2) Implementation with source-sink analysis: I found the LeakaCheker, but this only checks if some variable is passing to a function argument, while I need something more "fine-grained", e.g if a pointer is used as src in a STORE instruction. Is source-sink what I am looking for?

3) Only SVFG: I might use the graph to infer which fields are read/written, and then find the aliases. Finally, propagate the read/written to all the aliases. I understood how to make this approach, but I am afraid it will lead to too many false positives.


Example 1:

typedef struct my_struct {
    int field_a;
    int field_b;
    int field_c;
} my_struct;

void fun(my_struct* s) {
    int t;
    t = s->field_a;
    s->field_a = s->field_b;
    s->field_b = t;
}

Example 2:

typedef struct my_substruct {
    int field_a;
    int field_b;
} my_substruct;

typedef struct my_struct {
    my_substruct* ss;
} my_struct;

void fun(my_struct* s, my_substruct* as) {
    s->ss = as;
    s->ss->field_a = s->ss->field_b + 10;
}
yuleisui commented 2 years ago

Hello, please see my inline replies and how they are helpful

I am trying to use SVF to build analysis, but I am not sure what SVF's component better fits my needs.

First, I describe my problem along with a couple of examples.
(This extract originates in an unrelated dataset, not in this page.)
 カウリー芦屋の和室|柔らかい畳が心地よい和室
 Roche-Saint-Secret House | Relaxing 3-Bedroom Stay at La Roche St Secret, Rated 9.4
Then, I discuss the approaches I considered.

I would understand if my inutition is correct. Specifically, what SVF components I should use (and how).

TLDR; I don't know if I need a taint analysis, a source-sink, or just an SVF graph.

Objective: I am trying to come up with an analysis that tells me what fields of a structure are accessed and how (i.e., read or written).

Taking Example 1 (below), I expect an output like this:

  • s->field_a: is read and written
  • s->field_b: is read and written
  • s->field_c: is untouched

I believed I can achieve this by traversing the SVFG graph. However, I am afraid this is not enough.

See Example 2, the pointer s->ss is an alias of as. Following the SVGF graph, I understand that:

  • s->ss->field_a: is written
  • s->ss->field_b: is read

I think you only need the alias results from points-to analysis for your purpose. The points-to targets are either base objects or fields. You can retrieve their values to understand where they are allocated.

The next step is to iterate the ICFG or SVFG whichever you prefer to see whether a pointer operand at StoreStmt or LoadStmt points to the object of your interest.

However, I would understand that as->field_a and as->field_b are actually accessed, and not only the s ones.

Following the SVFG, I can realize s->ss is an alias of as, but I am afraid this is not the correct way.

My plan: I guess I should come up with either a taint analysis or a source-sink analysis. Ideally, I would traverse the execution and infer:

  1. s is used in a GEP instruction and infer the usage of a field X.
  2. X ends up in a STORE as dst (for inferring write access) / X ends up in a LOAD (for inferring read access).

Question1: thus my plan make sense?

Question2: how do implement this in SVF? In my mind, I have three approaches, but I am not sure what to follow.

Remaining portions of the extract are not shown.